Qu'il prévoit que "cette action est introduite... par toute personne justifiant d'un intérêt, par le Parquet, par le Ministre chargé de l'Économie ou par le Président du Conseil de la Concurrence, lorsque ce dernier constate, à l'occasion des affaires qui relèvent de sa compétence, une pratique mentionnée au présent article".

Considérant que le pouvoir de saisine des juridictions civiles commerciales ainsi reconnu au Ministre de l'Économie, qui déroge aux principes généraux de la responsabilité civile et de l'introduction de l'instance par les seules parties prévues à l'article 1 du nouveau code de procédure civile, constitue une mesure exorbitante du droit commun impliquant une interprétation stricte du texte qui l'instaure;

Que par ailleurs, les pouvoirs similaires conférés au Ministère Public sans restriction et au Président du Conseil de la Concurrence, dans les limites de ses attributions, attestent que le Ministre de l'Économie n'est pas l'unique garant d'un ordre public économique lié à la liberté des prix et au libre jeu de la concurrence mais qu'il concourt, avec ces autorités, à la mission qui leur est dévolue de contribuer à en assurer la protection générale.

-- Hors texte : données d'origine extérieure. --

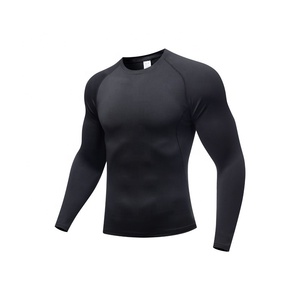 Haute élastique hommes séchage rapide vêtements de sport basket-ball Fitness course entraînement plaine à manches longues Sport Compression T-shirt pour hommes - Product Image 4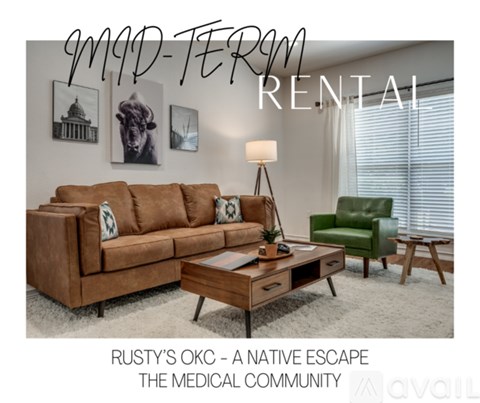 A living room with a brown couch and a green chair is available for rent.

Considérant que l'action engagée par le Ministre de l'Économie sur le fondement de l'article 36-1 de l'ordonnance du 1er décembre 1986 est, en vertu de ce texte, une action en réparation et non en annulation et qu'elle ne peut tendre qu'à la seule cessation des pratiques illicites qu'il n'a jamais sollicitée en l'espèce;

Considérant que le Ministre de l'Économie ne saurait davantage prétendre invoquer la nullité de l'accord du 15 janvier 1991 en application des dispositions de l'article 56 de la même ordonnance, lesquelles l'autorisent exclusivement à déposer des conclusions, les développer oralement à l'audience, et à produire les procès-verbaux ainsi que les rapports d'enquête dans les instances en cours;

Considérant que la référence tant aux articles 6 et 1133 du Code Civil qu'aux articles 7, 8 et 9 de l'ordonnance relative à la liberté des prix et de la concurrence est aussi inopérante dès lors que le Ministre de l'Économie n'a pas reçu le pouvoir de saisir directement une juridiction de l'ordre judiciaire pour demander la nullité d'une convention à laquelle il n'a pas été partieet que seul le Ministère Public est habilité à solliciter la nullité absolue d'un contrat prétendument contraire à l'ordre public conformément aux articles 422 et 423 du nouveau code de procédure civile;

Considérant qu'à défaut d'une stipulation légale expresse qui serait impérativement requise eu égard à la faculté exceptionnelle d'agir en justice qui lui est accordée en ce domaine, le Ministre de l'Économie, qui ne saurait se substituer aux parties, ni au Ministère Public et qui ne dispose pas d'un intérêt propre, ni de la qualité à cette fin, n'est pas recevable en son action en nullité;

Que le jugement attaqué sera, en conséquence, infirmé.

- Sur les autres prétentions des parties :

Considérant que l'exercice par le Directeur Départemental de la Concurrence représentant le Ministre de l'Économie, des pouvoirs que lui accorde la loi, ne lui ouvre droit, ni à dommages et intérêts, ni à indemnité en application de l'article 700 du Nouveau Code de Procédure Civile ;

Considérant qu'il n'apparaît pas inéquitable de laisser à la SA Auchan la charge de ses frais irrépétibles ;

Considérant que le Ministre de l'Économie qui succombe en toutes ses demandes, supportera les dépens des deux instances.

Par ces motifs, Statuant publiquement, par arrêt réputé contradictoire et en dernier ressort, Vu l'arrêt du 26 octobre 1999, Infirme le jugement déféré en toutes ses dispositions, Et statuant à nouveau, Déclare le Ministre de l'Économie, des Finances et de l'industrie irrecevable en son action, Dit n'y avoir lieu à l'application en la cause de l'article 700 du Nouveau Code de Procédure Civile, Condamne le Ministre de l'Économie, des Finances et de l'Industrie aux dépens des deux instances et Autorise la SCP Jupin-Algrin, avoués, à recouvrer ceux d'appel conformément à l'article 699 du Nouveau Code de Procédure Civile.